> **Required work**: One range is to be output from the listing below, exactly as written: the line with "Kansas City Royals" to the line with "Venice Top in", both kept.

> **Input data**:
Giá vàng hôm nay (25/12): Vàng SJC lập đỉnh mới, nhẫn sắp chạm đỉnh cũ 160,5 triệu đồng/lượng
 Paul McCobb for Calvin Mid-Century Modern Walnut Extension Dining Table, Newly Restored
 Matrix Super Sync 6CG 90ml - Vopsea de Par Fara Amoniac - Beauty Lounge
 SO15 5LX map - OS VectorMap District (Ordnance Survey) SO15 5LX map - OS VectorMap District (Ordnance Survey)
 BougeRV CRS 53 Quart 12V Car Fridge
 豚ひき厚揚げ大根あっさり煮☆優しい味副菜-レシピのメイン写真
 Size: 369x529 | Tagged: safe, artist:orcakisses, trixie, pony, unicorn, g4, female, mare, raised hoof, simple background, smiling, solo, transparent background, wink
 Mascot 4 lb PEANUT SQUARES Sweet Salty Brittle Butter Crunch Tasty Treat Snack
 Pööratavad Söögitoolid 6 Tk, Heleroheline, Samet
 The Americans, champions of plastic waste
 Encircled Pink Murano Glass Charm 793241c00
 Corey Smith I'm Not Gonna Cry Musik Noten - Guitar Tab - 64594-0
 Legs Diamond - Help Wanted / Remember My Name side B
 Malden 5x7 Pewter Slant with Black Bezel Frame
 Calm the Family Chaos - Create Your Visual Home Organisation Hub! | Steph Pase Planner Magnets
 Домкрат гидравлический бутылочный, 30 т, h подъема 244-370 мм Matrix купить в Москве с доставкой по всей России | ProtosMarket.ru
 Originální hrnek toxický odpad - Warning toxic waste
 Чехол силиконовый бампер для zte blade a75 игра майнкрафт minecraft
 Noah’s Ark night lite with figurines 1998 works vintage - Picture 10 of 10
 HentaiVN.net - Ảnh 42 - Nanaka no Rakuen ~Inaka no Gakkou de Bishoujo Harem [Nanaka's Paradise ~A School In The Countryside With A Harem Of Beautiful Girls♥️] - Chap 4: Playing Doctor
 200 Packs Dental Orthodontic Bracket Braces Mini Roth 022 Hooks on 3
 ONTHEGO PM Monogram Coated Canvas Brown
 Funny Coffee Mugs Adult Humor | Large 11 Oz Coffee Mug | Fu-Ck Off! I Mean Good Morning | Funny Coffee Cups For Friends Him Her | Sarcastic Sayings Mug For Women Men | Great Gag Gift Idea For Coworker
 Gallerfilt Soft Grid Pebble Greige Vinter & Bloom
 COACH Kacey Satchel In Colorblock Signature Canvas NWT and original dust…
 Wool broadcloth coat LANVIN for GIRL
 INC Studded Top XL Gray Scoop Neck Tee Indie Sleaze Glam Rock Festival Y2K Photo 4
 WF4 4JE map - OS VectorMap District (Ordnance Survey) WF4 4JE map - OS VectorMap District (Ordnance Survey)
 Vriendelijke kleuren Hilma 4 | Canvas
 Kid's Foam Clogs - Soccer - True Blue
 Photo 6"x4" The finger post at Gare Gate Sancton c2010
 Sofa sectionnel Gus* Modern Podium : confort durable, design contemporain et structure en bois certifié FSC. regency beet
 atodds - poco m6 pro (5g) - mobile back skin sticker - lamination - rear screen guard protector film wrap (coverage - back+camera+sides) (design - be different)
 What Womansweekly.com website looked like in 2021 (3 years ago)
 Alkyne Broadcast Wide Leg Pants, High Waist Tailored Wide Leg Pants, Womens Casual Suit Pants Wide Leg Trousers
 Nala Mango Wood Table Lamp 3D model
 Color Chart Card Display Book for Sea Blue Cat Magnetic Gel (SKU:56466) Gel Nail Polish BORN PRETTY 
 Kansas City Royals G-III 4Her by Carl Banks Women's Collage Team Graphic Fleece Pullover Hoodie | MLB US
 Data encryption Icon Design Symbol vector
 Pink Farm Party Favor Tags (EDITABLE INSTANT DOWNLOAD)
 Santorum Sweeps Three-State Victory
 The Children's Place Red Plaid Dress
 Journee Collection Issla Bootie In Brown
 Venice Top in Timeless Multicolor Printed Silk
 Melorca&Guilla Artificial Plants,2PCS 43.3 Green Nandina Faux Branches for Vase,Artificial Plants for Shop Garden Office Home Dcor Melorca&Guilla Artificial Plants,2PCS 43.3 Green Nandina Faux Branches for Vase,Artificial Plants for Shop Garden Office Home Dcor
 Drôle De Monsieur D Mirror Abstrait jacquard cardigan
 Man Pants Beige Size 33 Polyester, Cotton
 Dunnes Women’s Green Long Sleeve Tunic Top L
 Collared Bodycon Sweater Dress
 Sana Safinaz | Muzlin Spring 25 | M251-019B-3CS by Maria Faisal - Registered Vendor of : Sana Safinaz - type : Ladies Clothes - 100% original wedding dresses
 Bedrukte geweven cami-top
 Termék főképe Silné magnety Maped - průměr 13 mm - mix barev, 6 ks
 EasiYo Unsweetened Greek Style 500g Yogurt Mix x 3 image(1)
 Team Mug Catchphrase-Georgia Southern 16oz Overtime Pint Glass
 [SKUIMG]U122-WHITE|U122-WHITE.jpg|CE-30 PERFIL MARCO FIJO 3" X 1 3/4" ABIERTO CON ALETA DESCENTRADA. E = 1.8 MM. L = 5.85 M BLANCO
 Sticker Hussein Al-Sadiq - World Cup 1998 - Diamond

> **The answer**:
 Kansas City Royals G-III 4Her by Carl Banks Women's Collage Team Graphic Fleece Pullover Hoodie | MLB US
 Data encryption Icon Design Symbol vector
 Pink Farm Party Favor Tags (EDITABLE INSTANT DOWNLOAD)
 Santorum Sweeps Three-State Victory
 The Children's Place Red Plaid Dress
 Journee Collection Issla Bootie In Brown
 Venice Top in Timeless Multicolor Printed Silk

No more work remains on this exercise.